▸ **PROVIDED MATERIAL**
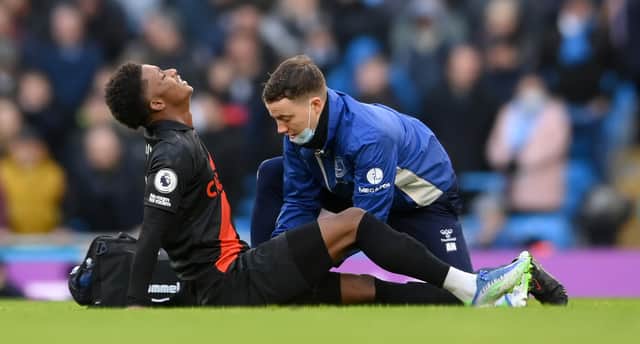  Demarai Gray of Everton receives medical treatment before being substituted during the Premier League match between Manchester City and Everton at Etihad Stadium on November 21, 2021 in Manchester, England. (Photo by Laurence Griffiths/Getty Images)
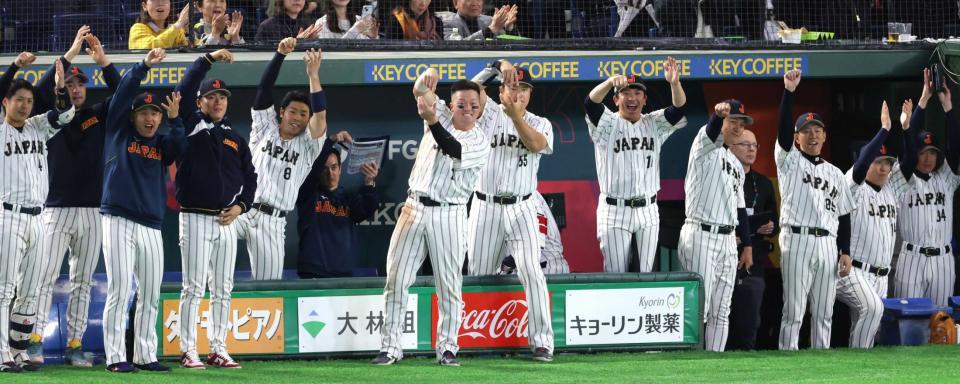 　８回、適時二塁打を放った佐藤輝を祝福する日本ナイン（撮影・西岡正）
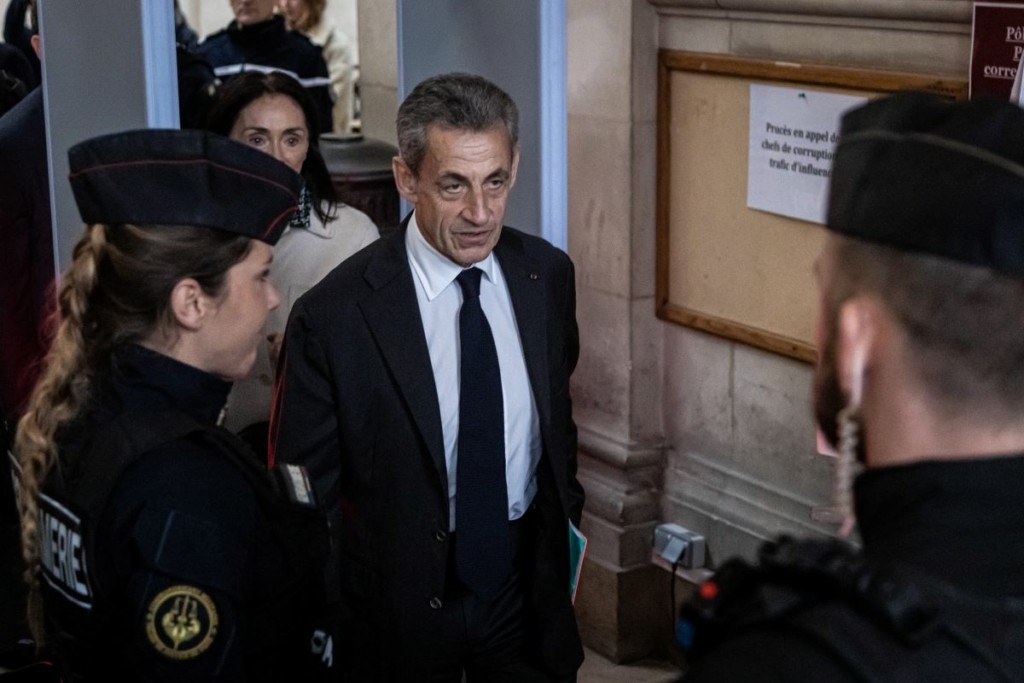 Οριστική καταδίκη για Σαρκοζί – Τρία έτη φυλάκιση, το ένα χωρίς αναστολή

▸ **INSTRUCTIONS FOR THE TASK**
If a picture falls within the lines from the one containing "８回、適時二塁打を放った佐藤輝を祝福する日本ナイン（撮影・西岡正）" through the end of the material, leave it out while repeating those lines exactly.

▸ **EXERCISE RESULT**
 　８回、適時二塁打を放った佐藤輝を祝福する日本ナイン（撮影・西岡正）
 Οριστική καταδίκη για Σαρκοζί – Τρία έτη φυλάκιση, το ένα χωρίς αναστολή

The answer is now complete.